--- What you have to do ---
All records below must be reproduced exactly, although any pictures they contain are to be omitted.

--- The data ---
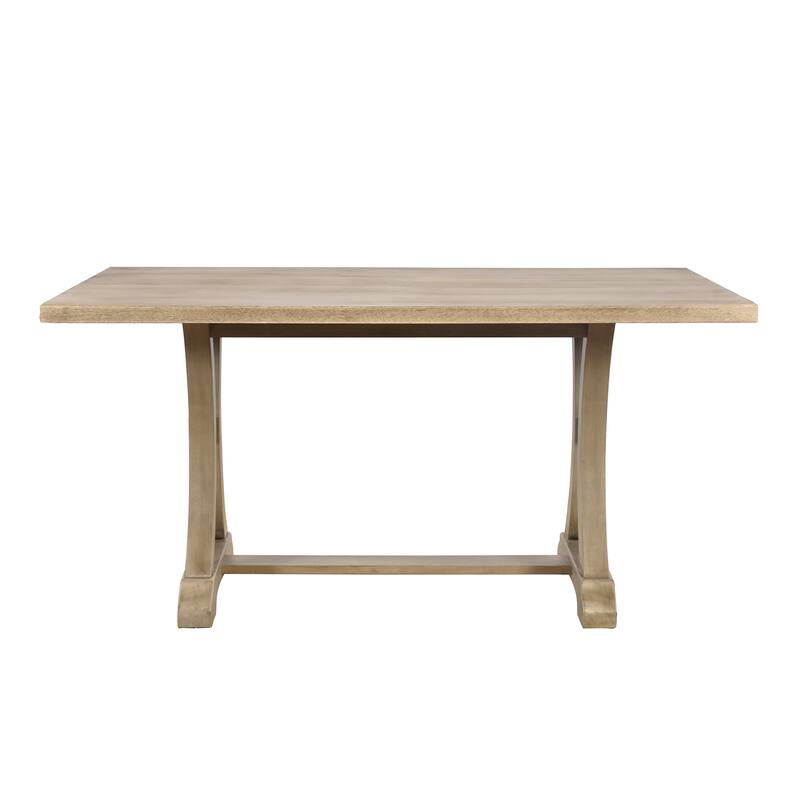 6-Piece Farmhouse Dining Table Set, Rectangular Trestle Table and 4 Upholstered Chairs & Bench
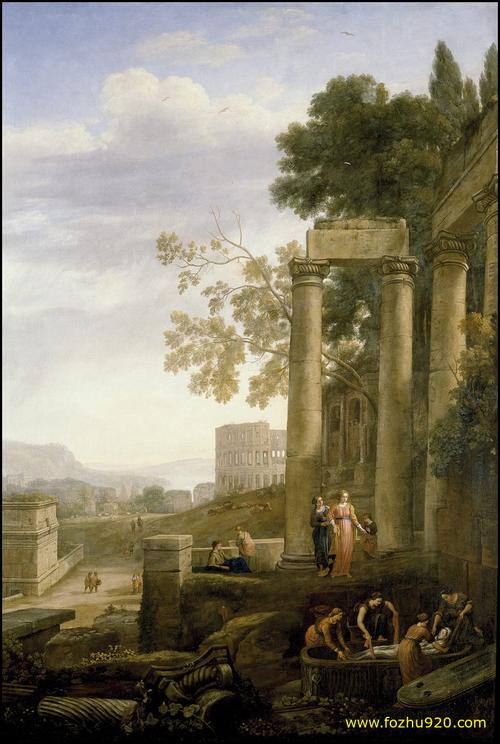 西班牙普拉多美术馆油画藏画1679lorenaclaudiodepaisajeconel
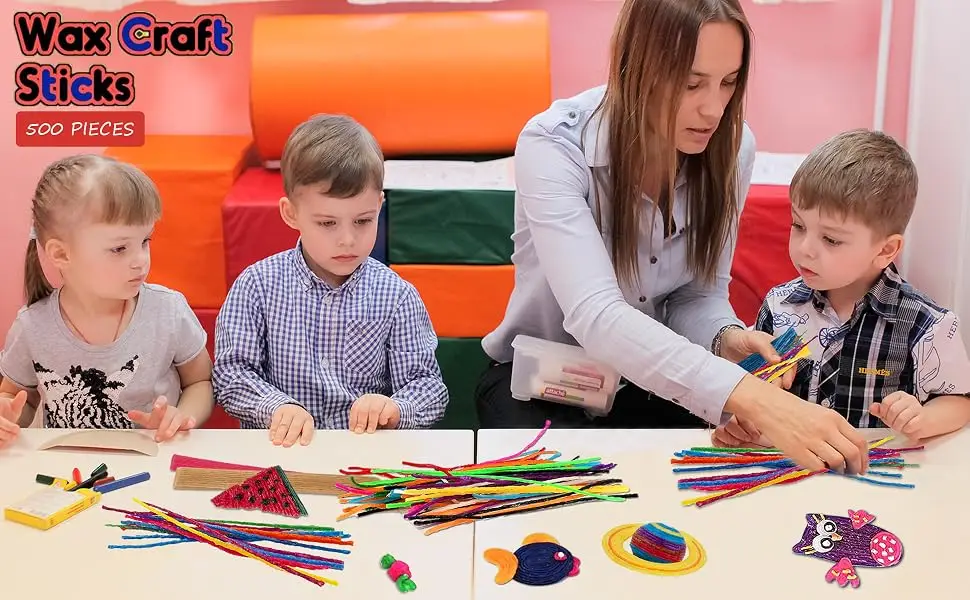 Bofoho 500pc Art Crafts Wax Yarn Sticks Non-Toxic Bendable Sticky Material in Bulk. Perfect Handicraft Gift  Entertainment for Teen Student DIY Project - ebc wax stick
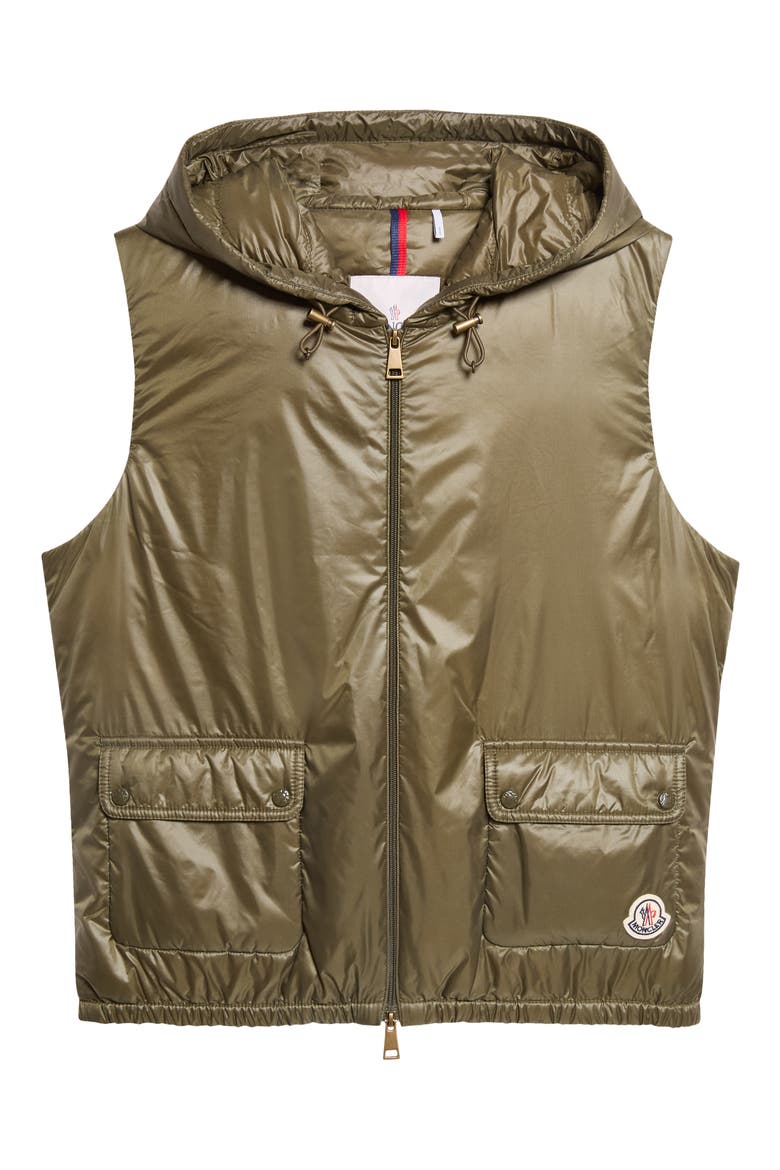 Lansette Hooded Down Vest, Alternate, color, GREEN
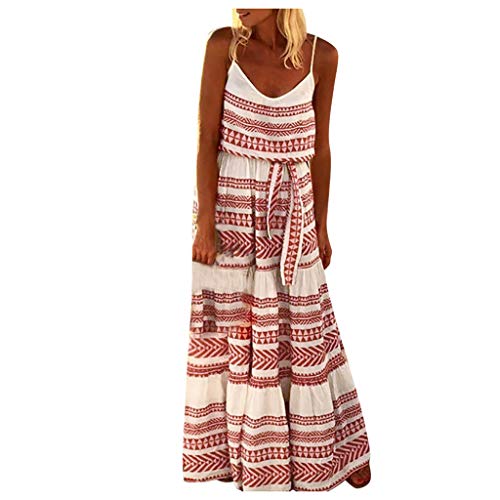 Preisvergleich Produktbild Gestreiftes Breitband Slingkleid für Damen, KIMODO Strandkleid Bohemian Batikmuster Lang Sommerkleid Kurze Ärmel Kleider mit V-Ausschnitt Strandkleid Loose Sexy Maxikleid (Rot,XXL)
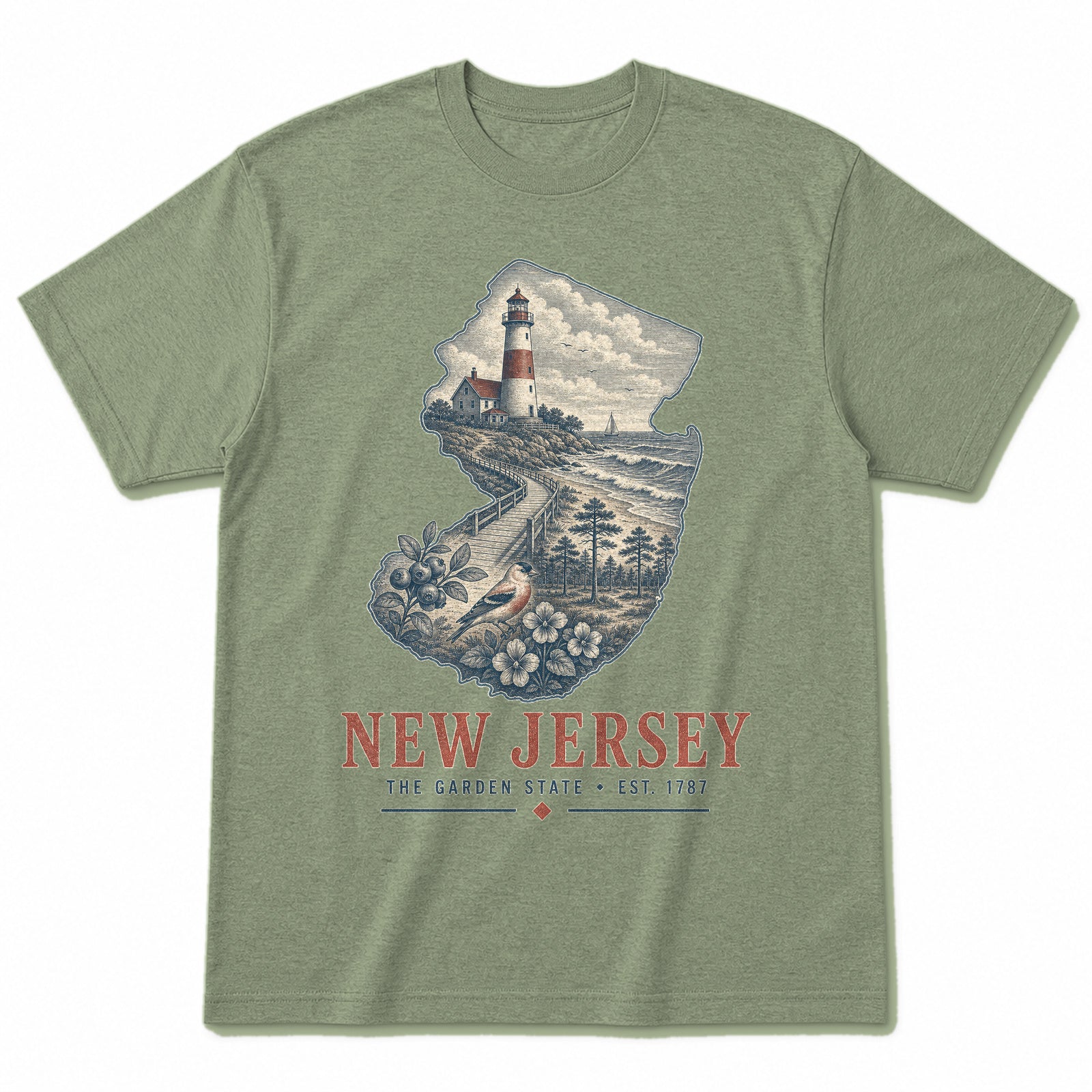 Vintage New Jersey State Graphic T-Shirt in Light Sage Green, front view on a white background
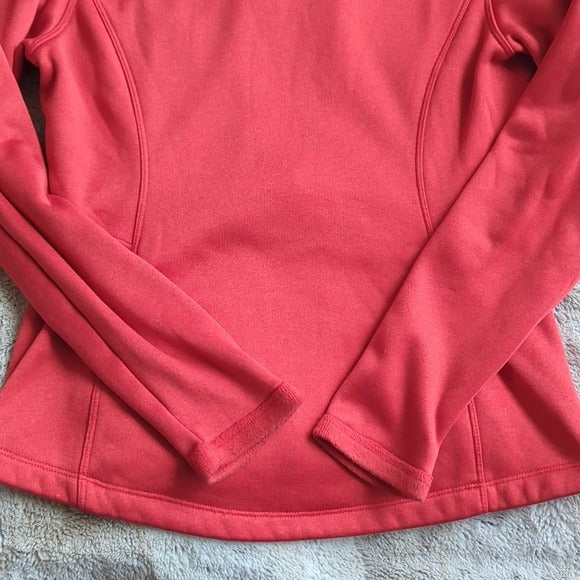 The North Face Red Orange Full Zip Fitted Active Sweatshirt Size M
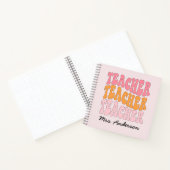 Leraar waardering gepersonaliseerd met naam retro notitieboek (Binnen)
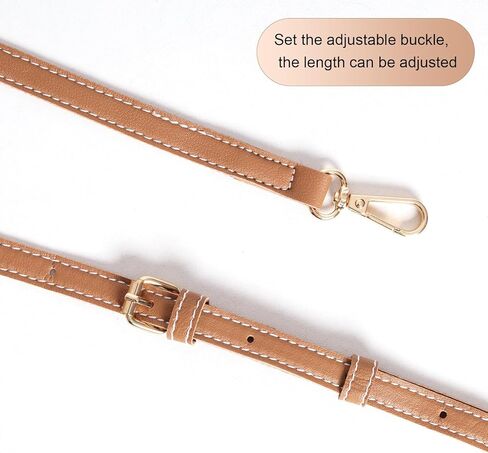 Adjustable Crossbody Purse Strap Leather Replacement Shoulder Strap Light Brown with Gold Hardware for Most Handbags Crossbody Bags Purse in Saudi Arabia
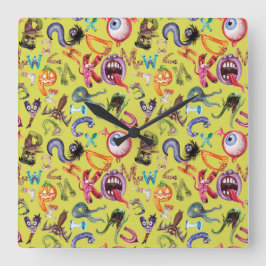 Monster-Alphabet-Muster Quadratische Wanduhr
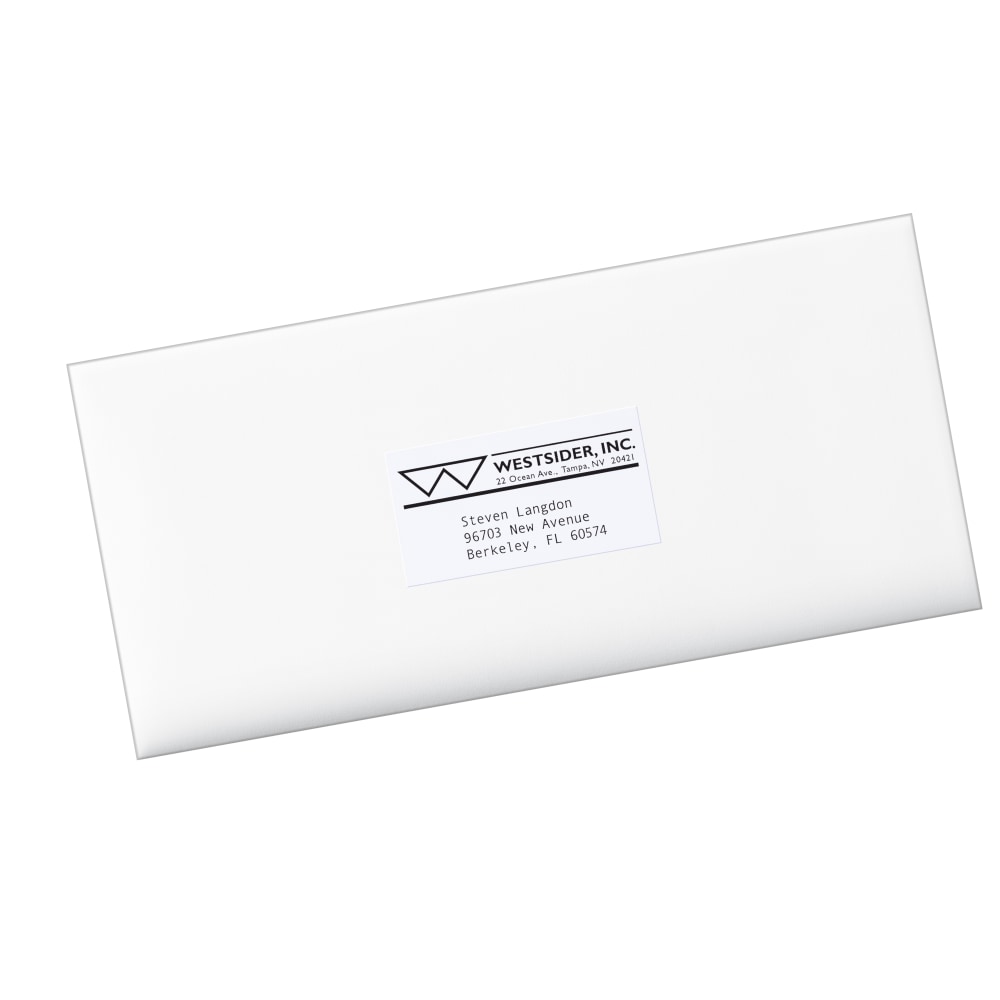 Avery Mailing Labels for Copiers - Permanent Adhesive - 1 3/8in Width x 2 13/16in Length - Rectangle - White - 2400 / Box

--- Solved problem ---
 6-Piece Farmhouse Dining Table Set, Rectangular Trestle Table and 4 Upholstered Chairs & Bench
 西班牙普拉多美术馆油画藏画1679lorenaclaudiodepaisajeconel
 Bofoho 500pc Art Crafts Wax Yarn Sticks Non-Toxic Bendable Sticky Material in Bulk. Perfect Handicraft Gift  Entertainment for Teen Student DIY Project - ebc wax stick
 Lansette Hooded Down Vest, Alternate, color, GREEN
 Preisvergleich Produktbild Gestreiftes Breitband Slingkleid für Damen, KIMODO Strandkleid Bohemian Batikmuster Lang Sommerkleid Kurze Ärmel Kleider mit V-Ausschnitt Strandkleid Loose Sexy Maxikleid (Rot,XXL)
 Vintage New Jersey State Graphic T-Shirt in Light Sage Green, front view on a white background
 The North Face Red Orange Full Zip Fitted Active Sweatshirt Size M
 Leraar waardering gepersonaliseerd met naam retro notitieboek (Binnen)
 Adjustable Crossbody Purse Strap Leather Replacement Shoulder Strap Light Brown with Gold Hardware for Most Handbags Crossbody Bags Purse in Saudi Arabia
 Monster-Alphabet-Muster Quadratische Wanduhr
 Avery Mailing Labels for Copiers - Permanent Adhesive - 1 3/8in Width x 2 13/16in Length - Rectangle - White - 2400 / Box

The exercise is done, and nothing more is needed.